● **What is being asked**:
Using the material that follows, output exactly the lines from the one containing "For the past" through the one containing "Hey y'all, Amber", with both ends kept.
+++ Records for the task +++
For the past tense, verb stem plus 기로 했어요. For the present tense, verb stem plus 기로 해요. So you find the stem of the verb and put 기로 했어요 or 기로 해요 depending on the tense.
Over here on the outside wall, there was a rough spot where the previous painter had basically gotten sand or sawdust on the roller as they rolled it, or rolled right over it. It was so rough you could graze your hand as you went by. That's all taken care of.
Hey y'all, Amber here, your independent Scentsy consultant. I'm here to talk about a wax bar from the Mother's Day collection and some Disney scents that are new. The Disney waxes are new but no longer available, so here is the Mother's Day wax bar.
+++
+++ Records for the task +++
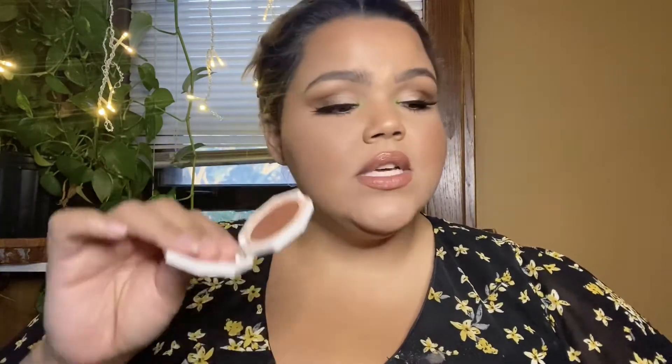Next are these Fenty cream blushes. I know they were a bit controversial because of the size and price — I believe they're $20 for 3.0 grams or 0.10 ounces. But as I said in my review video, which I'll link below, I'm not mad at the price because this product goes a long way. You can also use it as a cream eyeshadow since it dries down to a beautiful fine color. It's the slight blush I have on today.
+++
● **Final answer**:
For the past tense, verb stem plus 기로 했어요. For the present tense, verb stem plus 기로 해요. So you find the stem of the verb and put 기로 했어요 or 기로 해요 depending on the tense.
Over here on the outside wall, there was a rough spot where the previous painter had basically gotten sand or sawdust on the roller as they rolled it, or rolled right over it. It was so rough you could graze your hand as you went by. That's all taken care of.
Hey y'all, Amber here, your independent Scentsy consultant. I'm here to talk about a wax bar from the Mother's Day collection and some Disney scents that are new. The Disney waxes are new but no longer available, so here is the Mother's Day wax bar.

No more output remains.